Wednesday 27 March 2013

Full reserve deals with too big to fail.




The problem with too big to fail banks is NOT THAT they might fail. The problem is the SPEED with which they fail.
Put another way, if a bank or indeed any other type of firm, GRADUALLY contracts to nothing over a period of a year or two, there is little dislocation: competitors can pick up the business that would have gone to the failed institution.
And the REASON FOR the speed at which banks collapse stems directly from the fundamental nature of fractional reserve. Reasons are thus.
A bank is an entity which makes an essentially fraudulent promise, as follows. 1, it accepts money from its creditors (depositors and bondholders), 2, it promises to return to creditors exactly the sum originally lodged (maybe plus interest and maybe less bank charges), and 3, it then invests or lends on the money lodged in a manner that is not 100% safe. I.e. the value of the loans and investments sometimes falls to level that is less than what the creditors are owed: the bank is technically insolvent.
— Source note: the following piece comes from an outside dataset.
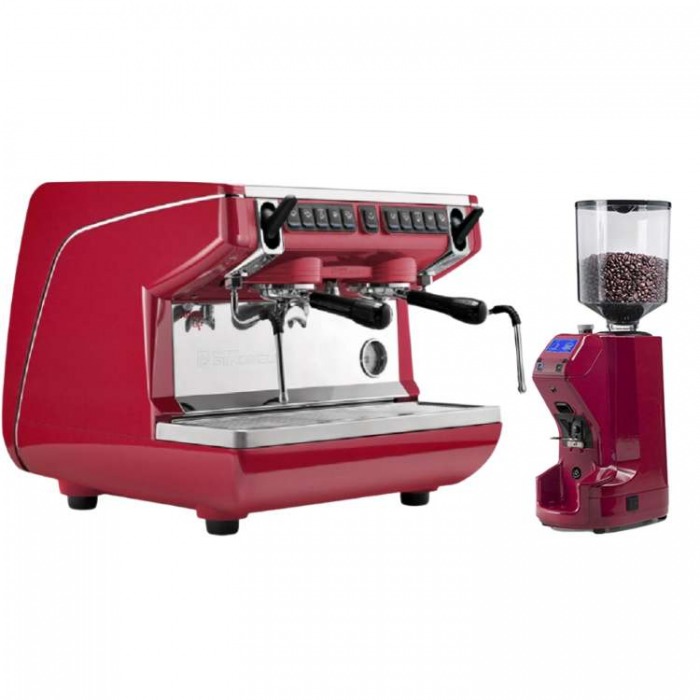 Combo Appia Life Compact Volumetric 2 Group coffee machine + MDXS On Demand Coffee Grinder - Đỏ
Technical insolvency doesn’t matter if the situation can be rectified. But if the market gets the impression it cannot, then a bank run starts. And the bank fails within 24 or 48 hours.
In contrast to that and under full reserve, creditors are not owed a specific sum of money. In effect they are shareholders. That means that if a significant number of “shareholders” want out, all that happens is that the value of the shares fall.
And a falling share price does not mean bankruptcy for a bank or any other type of business. But it DOES MEAN the likelihood of a takeover. And that solves the problem – assuming the firm doing the takeover knows what it’s doing. And if it doesn’t, then that firm in turn gets taken over.